- What the exercise asks
Only the stretch below from the line holding "Bundesverkehrsminister Patrick Schnieder" through the line holding "Women’s Hollister Loose" should be restated, word for word and with both ends included; pictures stay out.

(Beginning of Data extract)

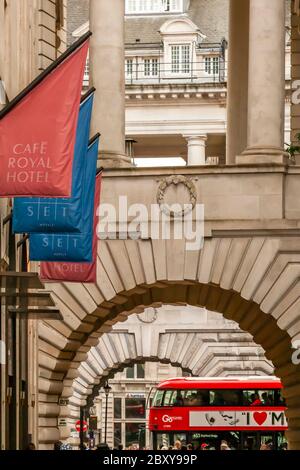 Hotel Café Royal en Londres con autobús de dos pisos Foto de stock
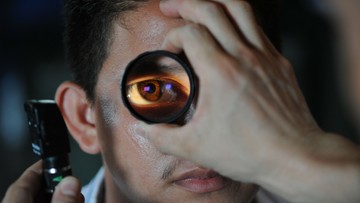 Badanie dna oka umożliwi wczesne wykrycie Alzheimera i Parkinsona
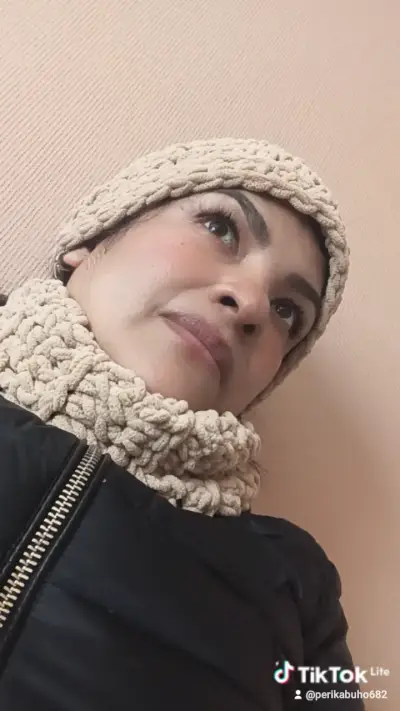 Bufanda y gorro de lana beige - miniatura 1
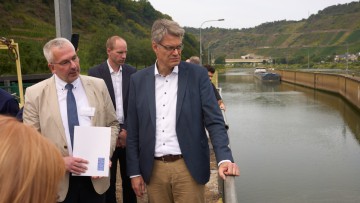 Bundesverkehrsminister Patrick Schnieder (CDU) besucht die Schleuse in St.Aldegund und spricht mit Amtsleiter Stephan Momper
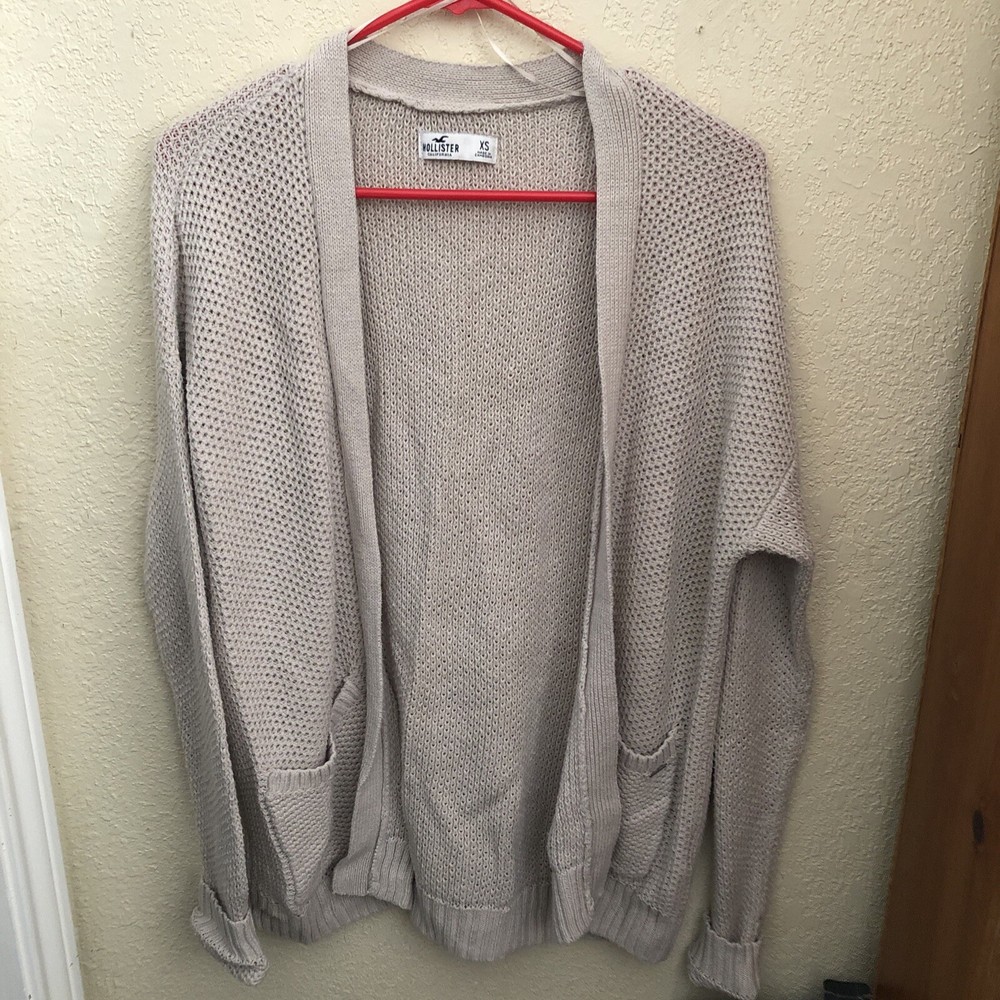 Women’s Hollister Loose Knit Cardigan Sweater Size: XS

(End of Data extract)
(Beginning of Data extract)

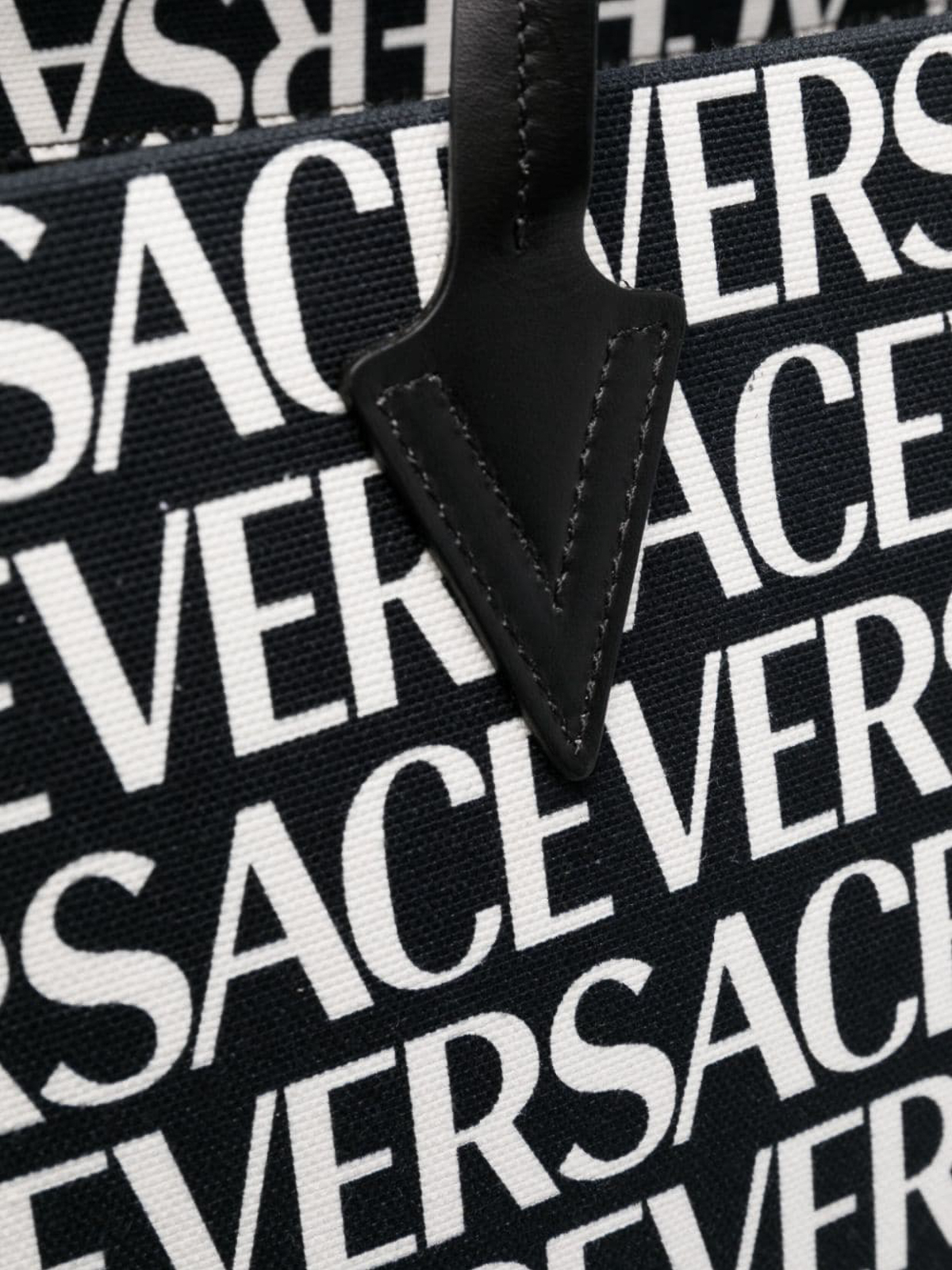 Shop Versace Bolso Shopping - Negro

(End of Data extract)

- Exercise solution
 Bundesverkehrsminister Patrick Schnieder (CDU) besucht die Schleuse in St.Aldegund und spricht mit Amtsleiter Stephan Momper
 Women’s Hollister Loose Knit Cardigan Sweater Size: XS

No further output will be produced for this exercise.